**Exercise**: Begin at the line containing "Traubenschutztaschen (1)" in the entries below and end at the line containing "Crypturellus Casiquiare"; transcribe that range exactly and nothing outside it.

**Records for this task**:

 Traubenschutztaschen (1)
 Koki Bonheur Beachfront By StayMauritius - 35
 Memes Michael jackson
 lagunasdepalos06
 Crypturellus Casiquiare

==

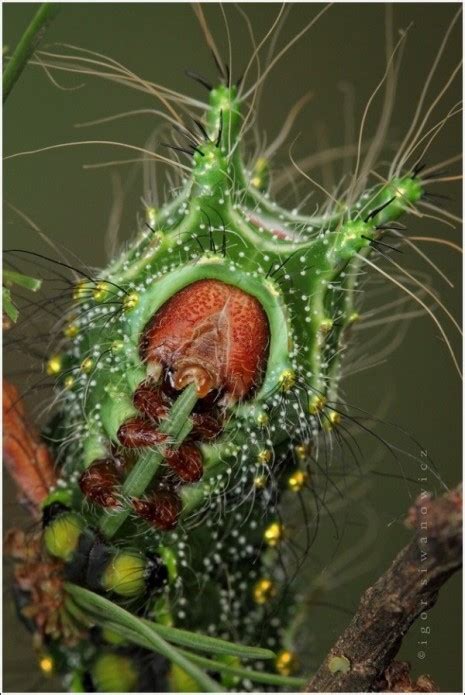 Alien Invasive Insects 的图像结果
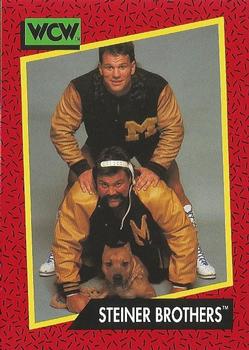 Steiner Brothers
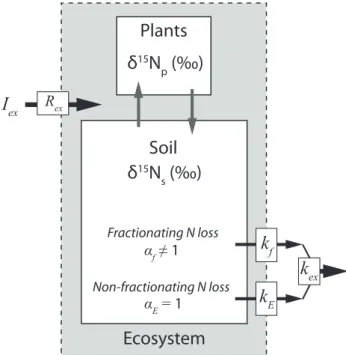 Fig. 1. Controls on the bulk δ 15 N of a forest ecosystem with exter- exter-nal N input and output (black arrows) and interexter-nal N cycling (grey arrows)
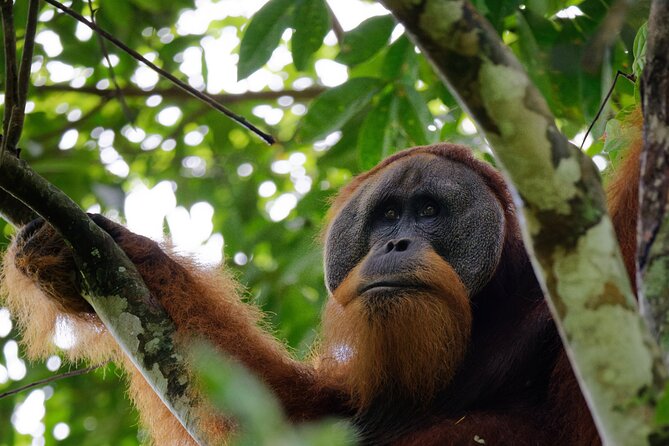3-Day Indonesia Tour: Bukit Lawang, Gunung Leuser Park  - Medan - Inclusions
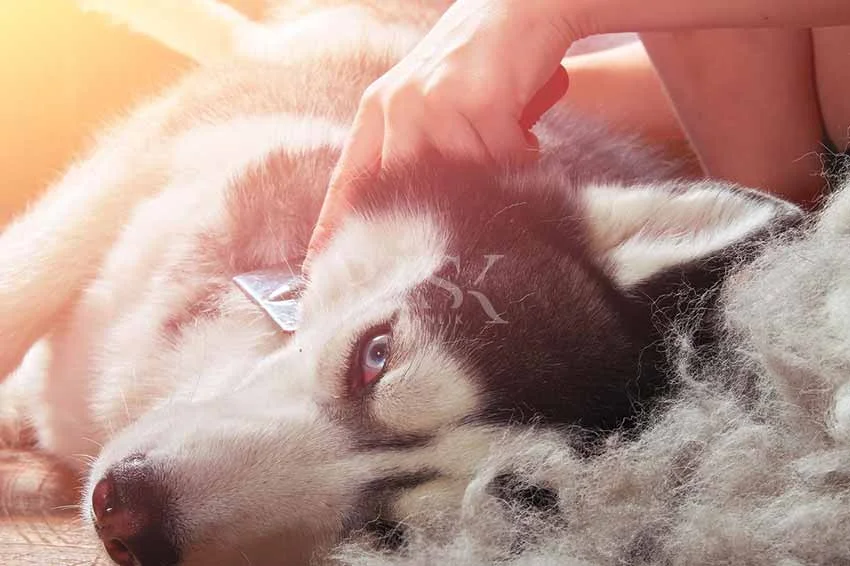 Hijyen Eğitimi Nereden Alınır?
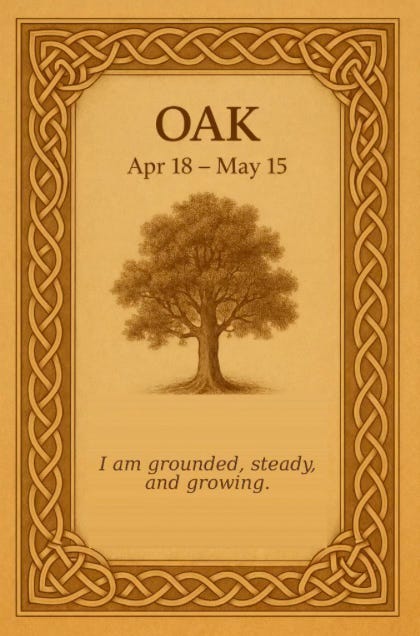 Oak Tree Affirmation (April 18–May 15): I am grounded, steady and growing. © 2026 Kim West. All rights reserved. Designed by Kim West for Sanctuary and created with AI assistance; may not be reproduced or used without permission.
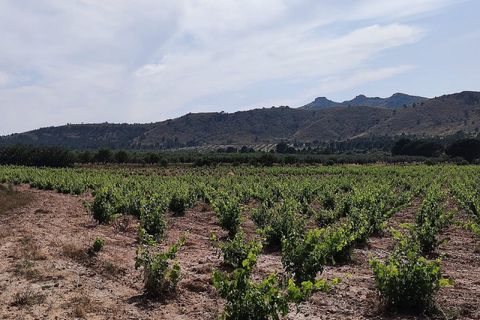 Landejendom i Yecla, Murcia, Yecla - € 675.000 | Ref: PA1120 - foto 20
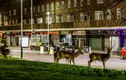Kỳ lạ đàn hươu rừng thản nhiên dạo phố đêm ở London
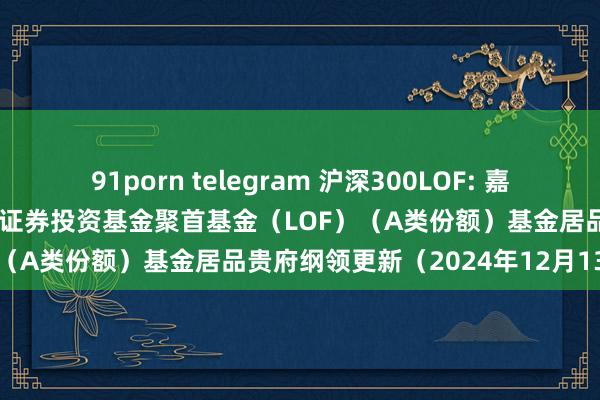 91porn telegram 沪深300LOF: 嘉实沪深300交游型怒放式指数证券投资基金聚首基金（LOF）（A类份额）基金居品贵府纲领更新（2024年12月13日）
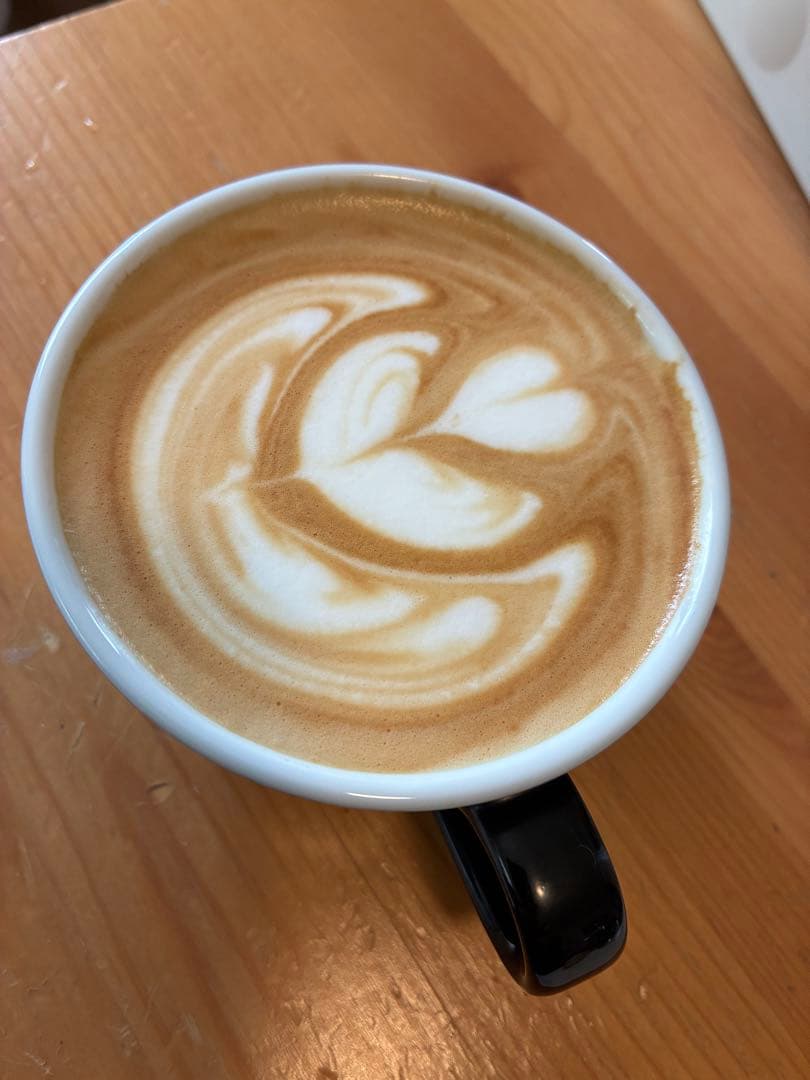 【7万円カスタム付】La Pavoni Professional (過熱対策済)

**Answer box**:
 Traubenschutztaschen (1)
 Koki Bonheur Beachfront By StayMauritius - 35
 Memes Michael jackson
 lagunasdepalos06
 Crypturellus Casiquiare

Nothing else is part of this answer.